§ **Aim of the exercise**
Each record below should be returned exactly, with its pictures left out.

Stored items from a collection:

────────────────

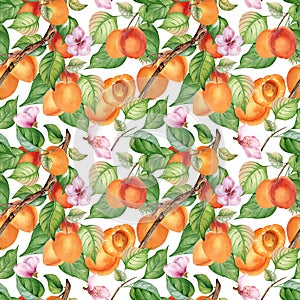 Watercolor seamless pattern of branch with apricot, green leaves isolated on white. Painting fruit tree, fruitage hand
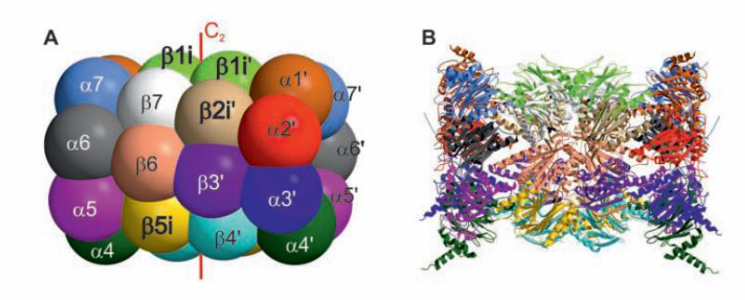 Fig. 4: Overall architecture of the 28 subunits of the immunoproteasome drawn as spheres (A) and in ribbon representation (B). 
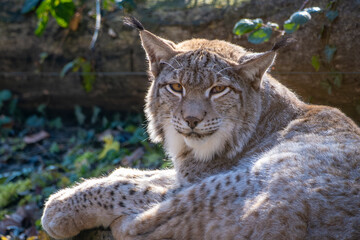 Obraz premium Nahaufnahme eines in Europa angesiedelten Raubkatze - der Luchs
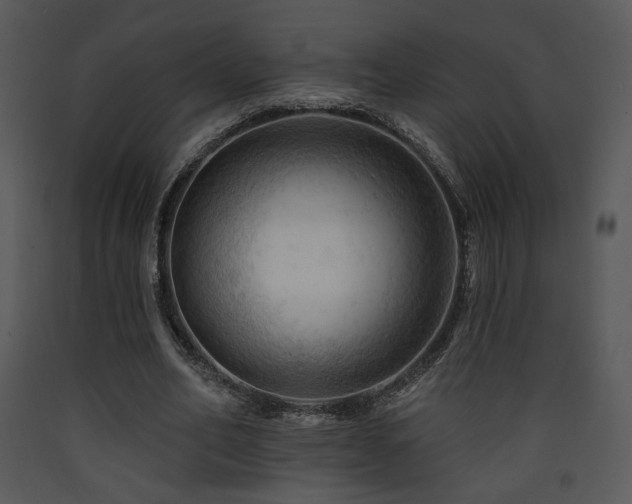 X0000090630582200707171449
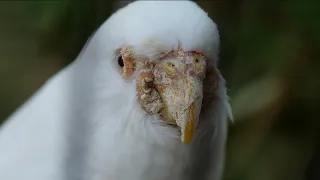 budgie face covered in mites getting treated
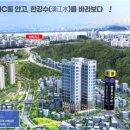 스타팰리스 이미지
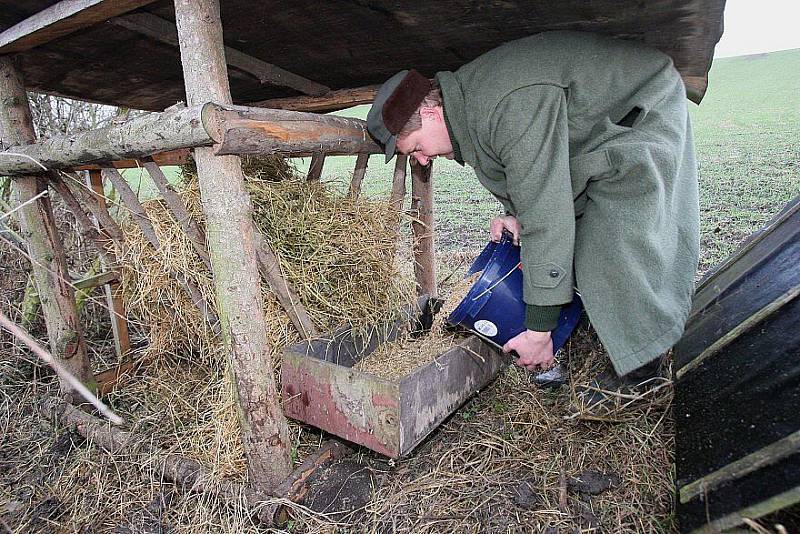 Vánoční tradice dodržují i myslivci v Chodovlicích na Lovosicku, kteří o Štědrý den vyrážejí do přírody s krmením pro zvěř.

────────────────

§ **Finished task**
 Watercolor seamless pattern of branch with apricot, green leaves isolated on white. Painting fruit tree, fruitage hand
 Fig. 4: Overall architecture of the 28 subunits of the immunoproteasome drawn as spheres (A) and in ribbon representation (B). 
 Obraz premium Nahaufnahme eines in Europa angesiedelten Raubkatze - der Luchs
 X0000090630582200707171449
 budgie face covered in mites getting treated
 스타팰리스 이미지
 Vánoční tradice dodržují i myslivci v Chodovlicích na Lovosicku, kteří o Štědrý den vyrážejí do přírody s krmením pro zvěř.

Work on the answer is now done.